Music notes: IV. Sunday of Easter

2020.05.03


On the IV. Sunday of Easter in all three years of the Eucharistic lectionary cycle, we read portions of John 10, in which Jesus likens himself to a ‘good shepherd’. The Collect and Psalm (23) refer to this image, and accordingly, several pieces of music this week do too.

‘Savior, like a shepherd lead us’ first appeared in an 1830 collection of Hymns for the Young – but if as children we may have prayed ‘early let us learn thy will’, this hymn can remind us that it is never too late to seek the love and guidance of the Lord. ‘My shepherd will supply my need’ is one of countless paraphrases of Psalm 23 (one of three in the Hymnal and one of three by the great hymnist Isaac Watts).

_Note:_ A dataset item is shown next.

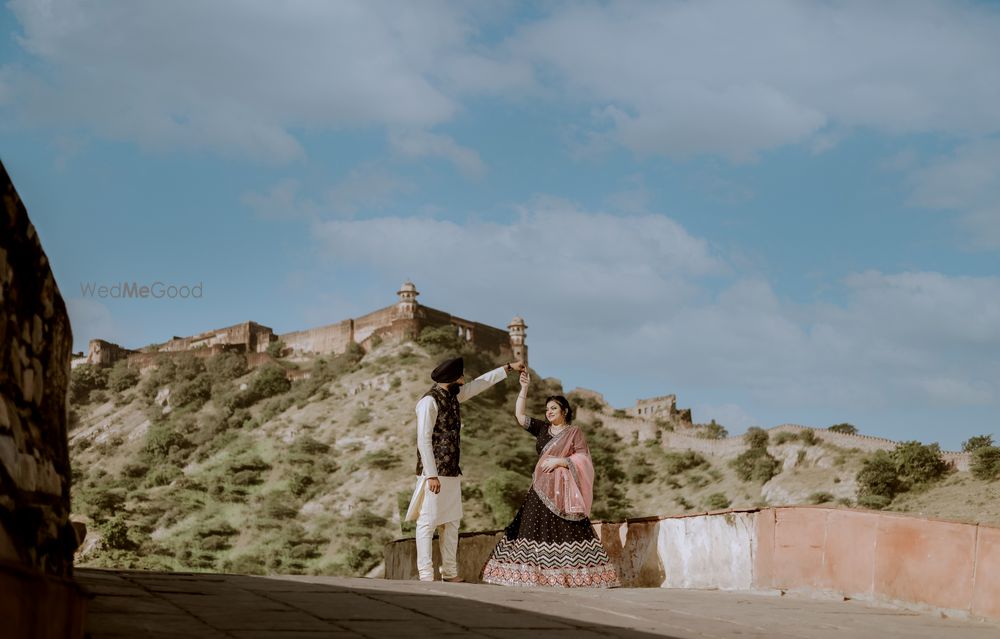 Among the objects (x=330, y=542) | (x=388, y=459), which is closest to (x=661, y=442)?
(x=388, y=459)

It has long been paired with the American folk tune with which it is found in the Hymnal and is thus used in Sunday’s anthem setting.

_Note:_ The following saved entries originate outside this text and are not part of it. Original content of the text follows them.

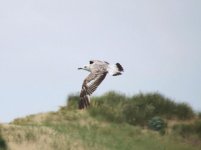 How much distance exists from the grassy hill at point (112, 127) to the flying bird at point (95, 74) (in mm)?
7790

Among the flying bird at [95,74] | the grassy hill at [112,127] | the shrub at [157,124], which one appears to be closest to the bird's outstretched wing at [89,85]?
the flying bird at [95,74]

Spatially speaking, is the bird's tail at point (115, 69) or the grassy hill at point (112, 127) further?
the grassy hill at point (112, 127)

The organ prelude by Heinrich Scheidemann is an arrangement of a motet by Orlando di Lasso, one of the best-known composers of the late Renaissance. It was common in the 16th and early 17th centuries for organists to play arrangements of vocal works when a choir was not available (because one choir served several parishes, or perhaps in times of war or of plague, such as the one that took Scheidemann’s life in 1663). The practice had largely died out by the time Scheidemann came to write a dozen such pieces, but his are among the finest examples of the genre. The text – ‘Arisen is the Good Shepherd, who laid down his life for his sheep, and for his flock deigned to die. Alleluia!’ – refers once again to John 10, framed in the context of the Resurrection.